En la quinta estación del Averno, esclavos de chaqueta y corbata mueven un torno gigantesco a latigazos para purgar sus pecados mientras cientos de bloques de pisos les caen encima una y otra vez. En lo más profundo del Infierno, los banqueros y sus adláteres cuentan su dinero en un potro de tortura. Se mezcla la sangre con la polución de las fábricas, todo ello sazonado por la miseria humana y los intereses políticos.
Mientras tanto, Vilches se pone su cota de mallas y lucha contra el dragón de la indiferencia, preocupado porque la plebe, la turba, le da la espalda.

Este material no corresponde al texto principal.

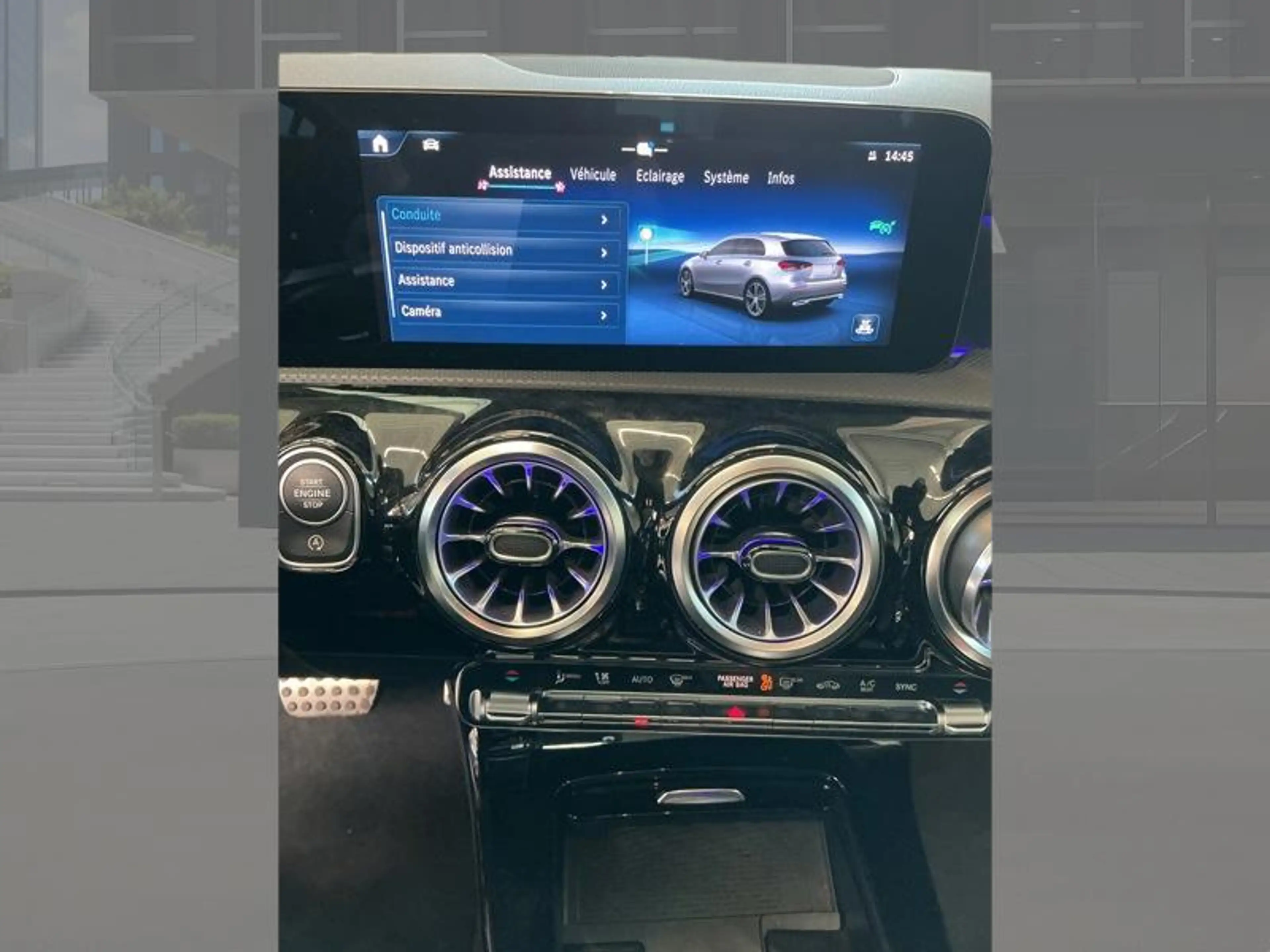 Mercedes-Benz A 180 d AMG Line — photo 11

Un silencio sepulcral recorre todo este paisaje de Sleepy Hollow. Es el silencio de todos y cada uno de los ciudadanos de una ciudad aletargada, orientada sólo al populismo, la adoración de los distintos vellocinos de oro, el cachondeo, las fuentes, las rotondas y la ignorancia. En mi pesadilla, el páramo de tierra inservible, negra como un pozo petrolífero perdido en el desierto, se llama Huelva y el baloncesto (y el voleibol y otros tantos deportes que han vivido y muerto ante la indiferencia de un pueblo) es su chivo expiatorio.
Los caballos corren desbocados y miles de aves de rapiña merodean por las vísceras del enfermo terminal, dispuestas a sacarle las entrañas en un abrir y cerrar de ojos, en una orgía de sangre y huesos. En el ocaso de los tiempos, Dainenko, Ray Smith, Luis Barroso, Morcillo, Javi Chica, Benítez, Vickery, Álex Burgos, Pablo Martínez, Antonio Gómez, Eric Sánchez y Valdeolmillos lloran lágrimas negras atados al mástil de un barco a la deriva que acabará engullido por el Kraken.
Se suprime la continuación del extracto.